Does the star move?

"moving away from us" is sort of misleading, it's more just a case of us and whatever object moving away from one another, because we don't know which one is doing the moving.
It doesn't matter which is moving. Only that the distance beween the two is increasing.

We are not motionless in space. The Sun revolves around the center of the Miky Way once every 250 million years and drags the rest of our Solar System with it.

The Milky Way, the rest of the Local Group, and all other galaxies that are part of the Hubble Flow are moving towards the Great Attractor, 47-79 Mega parsecs (150-250 Million Light-years) from the Milky Way, in the direction of the Hydra and Centaurus constellations.

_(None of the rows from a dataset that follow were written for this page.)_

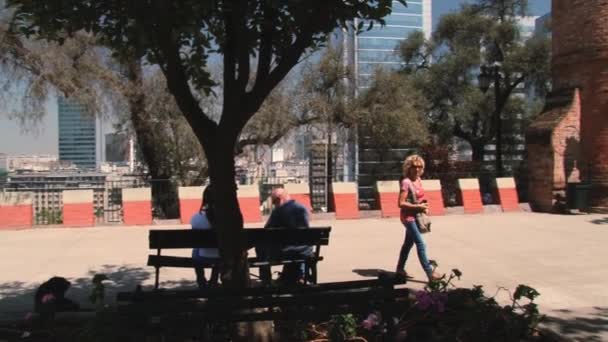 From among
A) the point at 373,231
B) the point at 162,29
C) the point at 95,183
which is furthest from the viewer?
the point at 95,183

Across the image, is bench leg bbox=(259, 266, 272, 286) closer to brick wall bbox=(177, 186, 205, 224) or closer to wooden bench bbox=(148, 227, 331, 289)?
wooden bench bbox=(148, 227, 331, 289)

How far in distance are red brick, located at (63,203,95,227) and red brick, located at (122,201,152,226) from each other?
801mm

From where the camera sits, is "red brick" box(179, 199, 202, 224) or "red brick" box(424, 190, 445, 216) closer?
"red brick" box(179, 199, 202, 224)

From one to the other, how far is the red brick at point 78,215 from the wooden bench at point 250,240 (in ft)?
28.6

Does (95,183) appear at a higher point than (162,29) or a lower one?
lower

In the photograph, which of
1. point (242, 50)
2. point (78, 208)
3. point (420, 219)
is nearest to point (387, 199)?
point (78, 208)

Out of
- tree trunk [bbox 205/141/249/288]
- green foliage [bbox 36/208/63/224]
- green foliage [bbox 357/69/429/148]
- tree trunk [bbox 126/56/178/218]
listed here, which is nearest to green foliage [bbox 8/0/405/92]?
tree trunk [bbox 205/141/249/288]

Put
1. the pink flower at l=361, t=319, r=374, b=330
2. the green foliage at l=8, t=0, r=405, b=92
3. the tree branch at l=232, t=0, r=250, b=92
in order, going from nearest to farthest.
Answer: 1. the green foliage at l=8, t=0, r=405, b=92
2. the tree branch at l=232, t=0, r=250, b=92
3. the pink flower at l=361, t=319, r=374, b=330

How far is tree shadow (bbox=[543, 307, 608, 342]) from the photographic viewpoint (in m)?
5.17

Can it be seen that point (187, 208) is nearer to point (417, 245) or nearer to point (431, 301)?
point (417, 245)

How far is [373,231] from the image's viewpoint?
43.0 ft

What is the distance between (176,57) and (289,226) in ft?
10.6

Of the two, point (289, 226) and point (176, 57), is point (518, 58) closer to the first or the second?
point (289, 226)

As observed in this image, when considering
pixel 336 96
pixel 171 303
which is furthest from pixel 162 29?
pixel 336 96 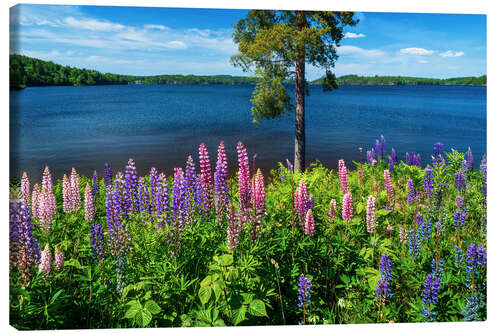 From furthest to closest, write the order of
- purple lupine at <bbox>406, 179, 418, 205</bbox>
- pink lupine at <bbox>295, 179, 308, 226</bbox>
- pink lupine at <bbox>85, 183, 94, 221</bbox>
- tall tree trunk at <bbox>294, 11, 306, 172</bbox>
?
1. tall tree trunk at <bbox>294, 11, 306, 172</bbox>
2. purple lupine at <bbox>406, 179, 418, 205</bbox>
3. pink lupine at <bbox>85, 183, 94, 221</bbox>
4. pink lupine at <bbox>295, 179, 308, 226</bbox>

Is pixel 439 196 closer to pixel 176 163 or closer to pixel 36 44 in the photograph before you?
pixel 176 163

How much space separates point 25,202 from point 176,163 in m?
1.50

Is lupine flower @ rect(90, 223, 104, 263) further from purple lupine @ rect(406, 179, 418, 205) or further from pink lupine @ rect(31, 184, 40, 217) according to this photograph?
purple lupine @ rect(406, 179, 418, 205)

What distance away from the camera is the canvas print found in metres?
3.26

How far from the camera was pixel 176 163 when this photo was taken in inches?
165

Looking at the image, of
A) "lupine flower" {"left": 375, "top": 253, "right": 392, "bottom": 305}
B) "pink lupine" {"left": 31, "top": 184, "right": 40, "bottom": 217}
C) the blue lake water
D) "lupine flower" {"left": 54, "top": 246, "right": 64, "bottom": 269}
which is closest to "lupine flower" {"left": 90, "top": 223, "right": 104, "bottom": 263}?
"lupine flower" {"left": 54, "top": 246, "right": 64, "bottom": 269}

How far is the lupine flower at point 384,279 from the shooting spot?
3293mm

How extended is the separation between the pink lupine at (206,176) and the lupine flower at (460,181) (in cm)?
322

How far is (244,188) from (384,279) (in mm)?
1485

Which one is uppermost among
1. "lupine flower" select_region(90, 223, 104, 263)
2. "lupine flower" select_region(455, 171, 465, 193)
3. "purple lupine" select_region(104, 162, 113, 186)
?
"purple lupine" select_region(104, 162, 113, 186)

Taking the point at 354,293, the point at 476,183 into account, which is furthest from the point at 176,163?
the point at 476,183

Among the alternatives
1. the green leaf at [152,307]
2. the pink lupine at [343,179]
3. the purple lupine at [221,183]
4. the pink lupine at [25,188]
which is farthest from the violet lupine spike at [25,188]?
the pink lupine at [343,179]

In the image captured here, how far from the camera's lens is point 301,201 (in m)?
3.62

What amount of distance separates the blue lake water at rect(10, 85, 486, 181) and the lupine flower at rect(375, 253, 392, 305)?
6.13 feet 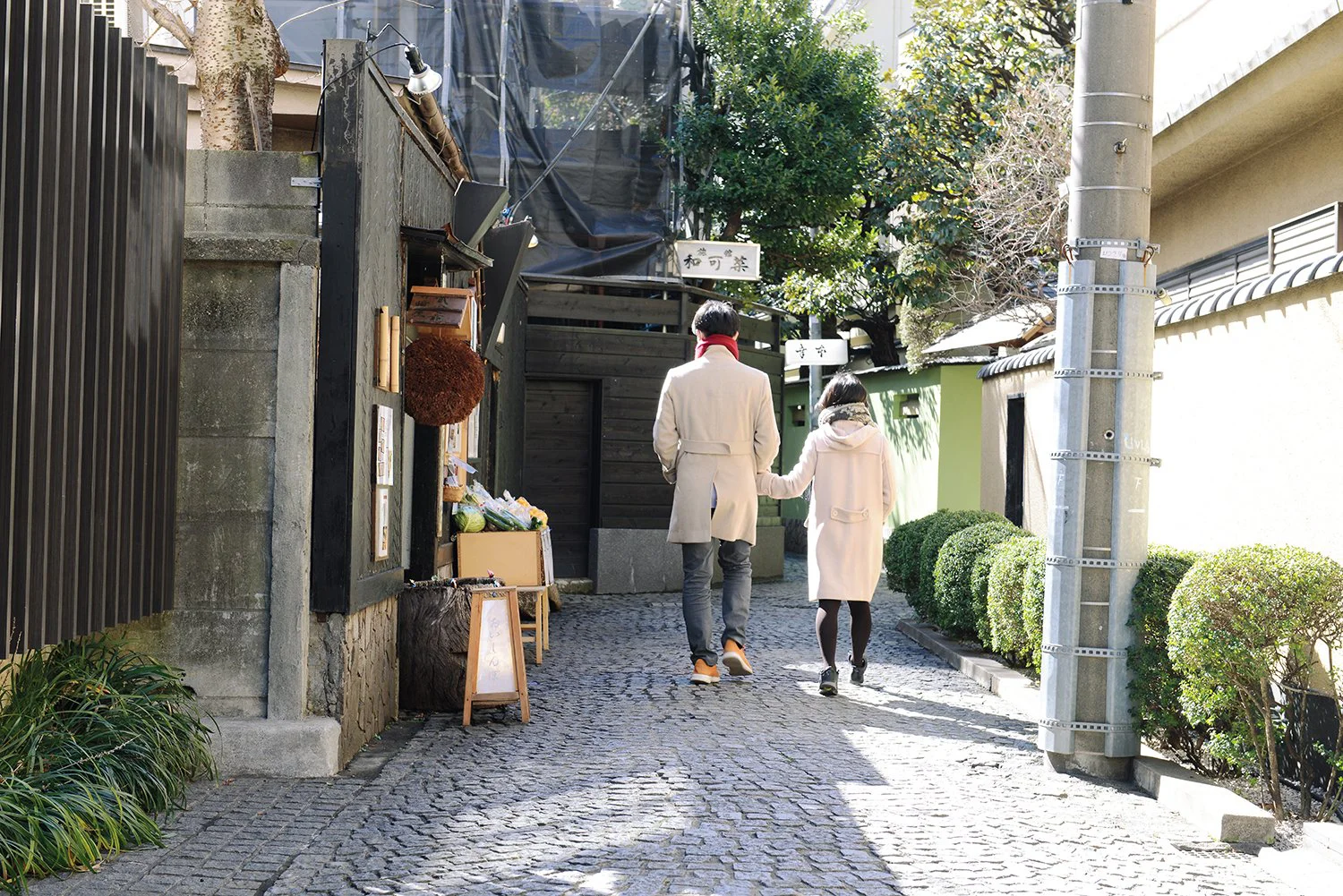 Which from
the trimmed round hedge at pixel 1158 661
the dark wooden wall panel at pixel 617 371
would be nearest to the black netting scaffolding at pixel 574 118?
the dark wooden wall panel at pixel 617 371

Variations in the redshifts of the galaxies in the Hubble Flow are sufficient to reveal the existence of the anomaly we call the Great Attractor. The first indications of the G. A. came in 1973, it's not a new discovery.

The parsec is a unit of linear measure equal to the length of the adjacent side of an imaginary right triangle in space. The two dimensions that form this triangle are the paralax angle (defined as 1 arcsecond) and the opposite side (which is defined as 1 astronomical unit (AU)) the distance from the Earth to the Sun. So a parsec is approximately 3.26 light years.
 
Holy crap. This thread sure turned into a giant pissing contest of everyone trying to sounds smarter than everyone else. Well done, guys.